Nov. 19 (Bloomberg) -- Cocoa supplies may outpace demand for a third year if the weather is favorable for global crops, according to Judy Ganes-Chase, the president of J. Ganes Consulting LLC.
“The balance can swing from a shallow deficit of 11,000 metric tons to a surplus of as much as 138,000 tons if the weather is fine,” she said during an interview today in Abengourou, Ivory Coast. “I wouldn’t be surprised if we ended the season in a surplus yet again.”
In the season started Oct. 1, production will total 4.05 million to 4.2 million tons, up from 3.99 million a year earlier, Ganes-Chase estimates.

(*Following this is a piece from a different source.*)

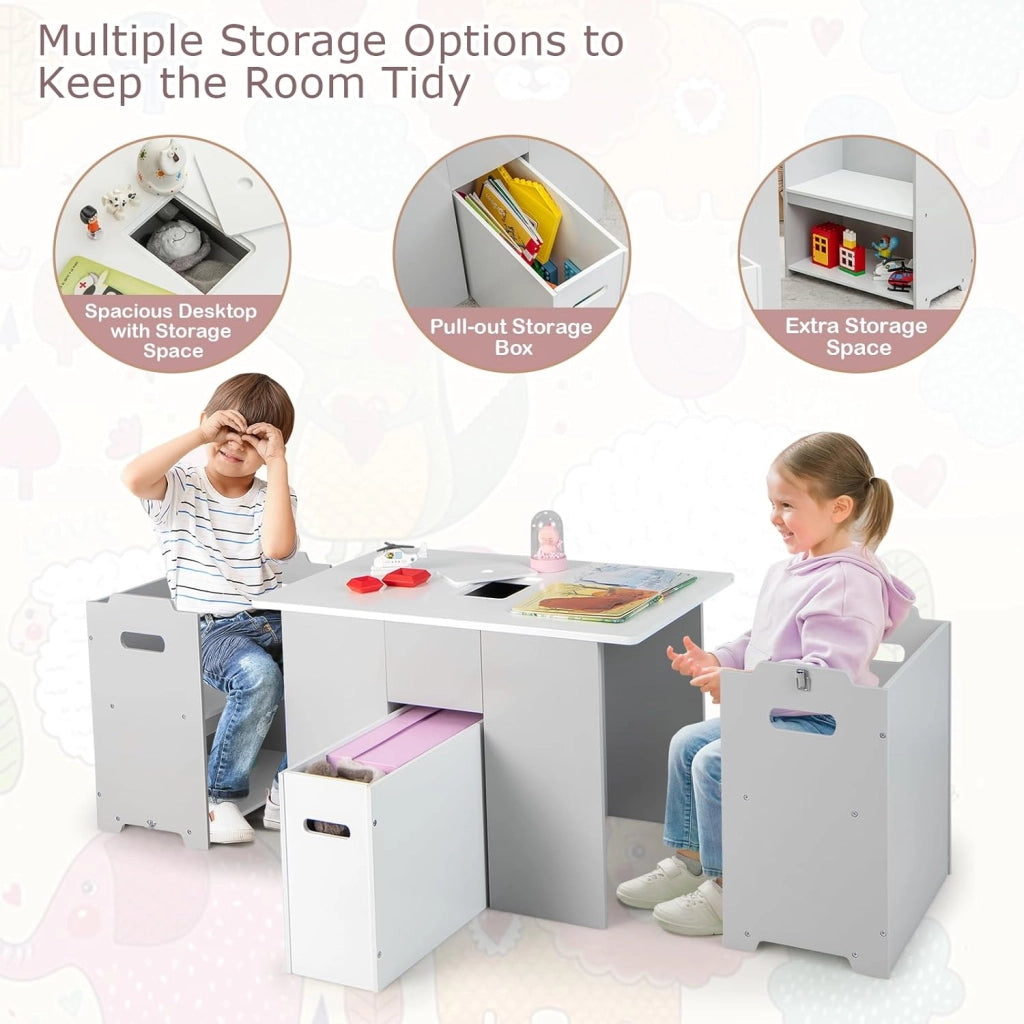 3 PZ. Set di Sedie per Bambini, Tavolino con 2 Sedie in MDF, Set Multifunzionale con Spazio di Archiviazione, Tavolo di Attività per Bambini da 3 Anni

Bean processing will rise 2.5 percent to 4.02 million tons after contracting 0.15 percent last season, she said.
Cocoa will average $2,200 a ton to $2,250 this season, Ganes-Chase forecast. Prices will be supported even as supplies increase by a rebound in demand and political turmoil in Ivory Coast, the world’s biggest producer, she said.
Useage by bean processors will probably grow because of increased profitability, Ganes-Chase said. The so-called combined ratio, which measures the price of cocoa butter and powder relative to that of beans, has risen above 3, a level that starts becoming more attractive for grinders to turn factories back on, she said.